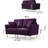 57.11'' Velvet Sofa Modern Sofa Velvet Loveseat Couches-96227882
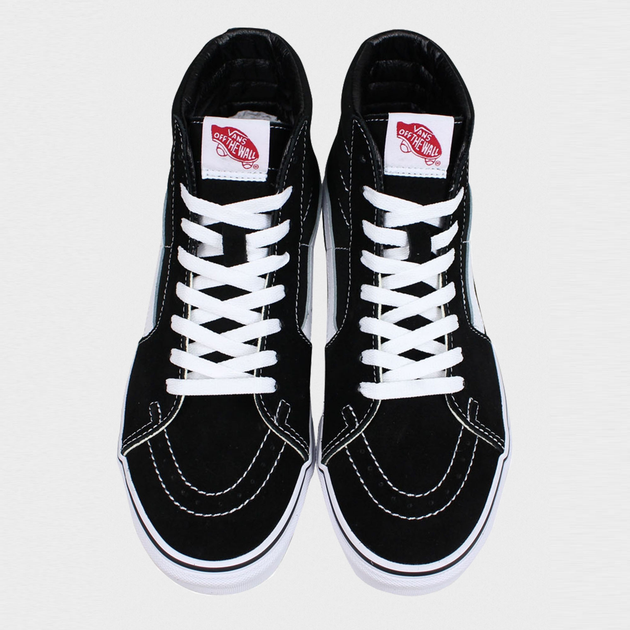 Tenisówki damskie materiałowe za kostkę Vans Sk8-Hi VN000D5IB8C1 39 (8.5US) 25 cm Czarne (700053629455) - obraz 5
* * *
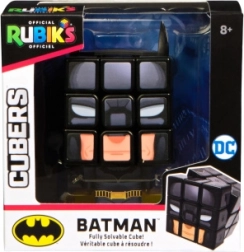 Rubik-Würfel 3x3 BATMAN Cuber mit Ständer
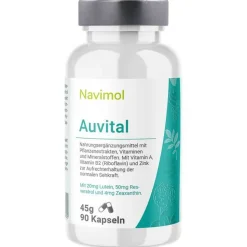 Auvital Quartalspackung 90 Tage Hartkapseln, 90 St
---
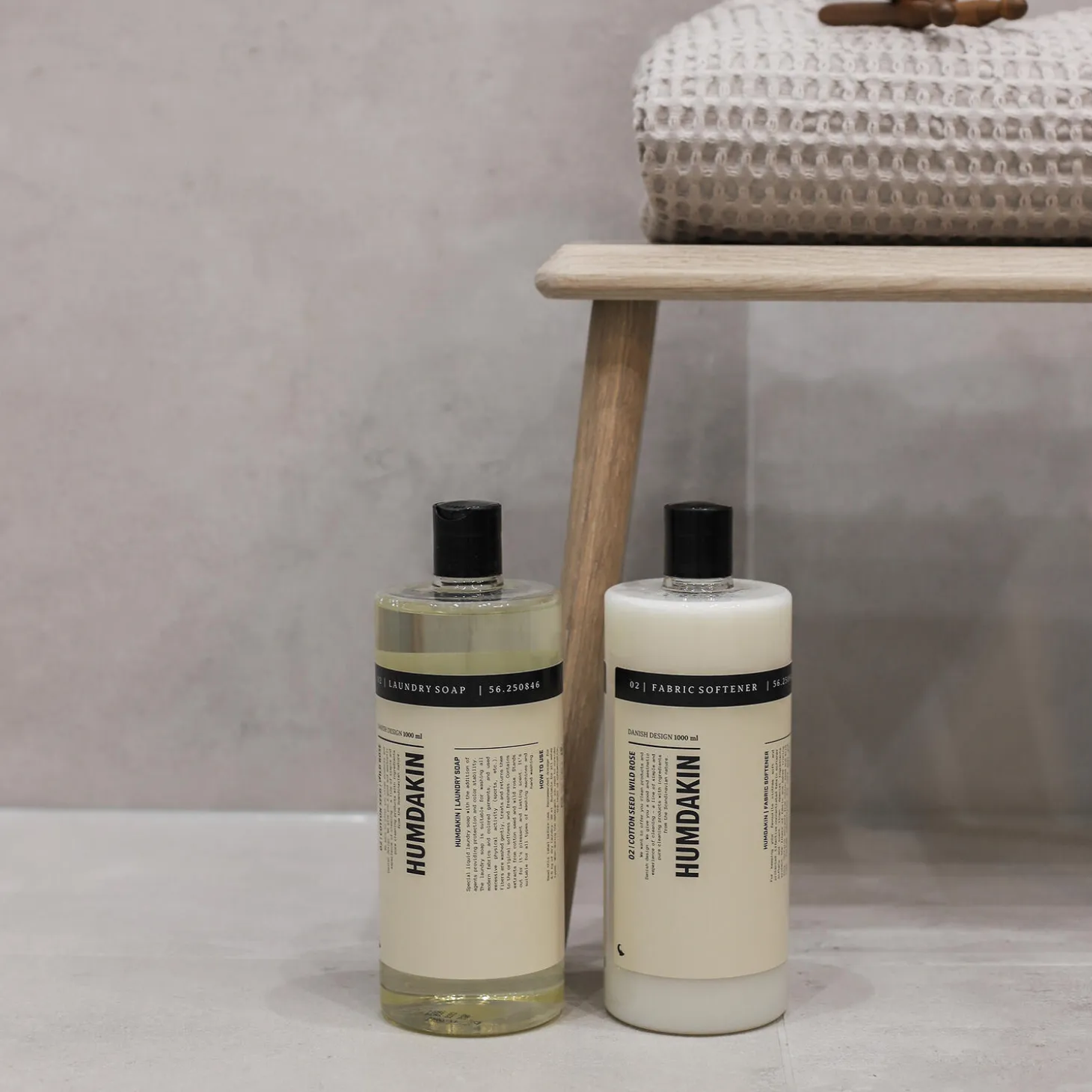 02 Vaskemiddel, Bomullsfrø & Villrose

Exercise instructions. Going back to the data above, write out everything from the line with "Rubik-Würfel 3x3 BATMAN Cuber mit Ständer" down to the line with "Auvital Quartalspackung 90", both included, leaving every picture out.

Output for this exercise.
 Rubik-Würfel 3x3 BATMAN Cuber mit Ständer
 Auvital Quartalspackung 90 Tage Hartkapseln, 90 St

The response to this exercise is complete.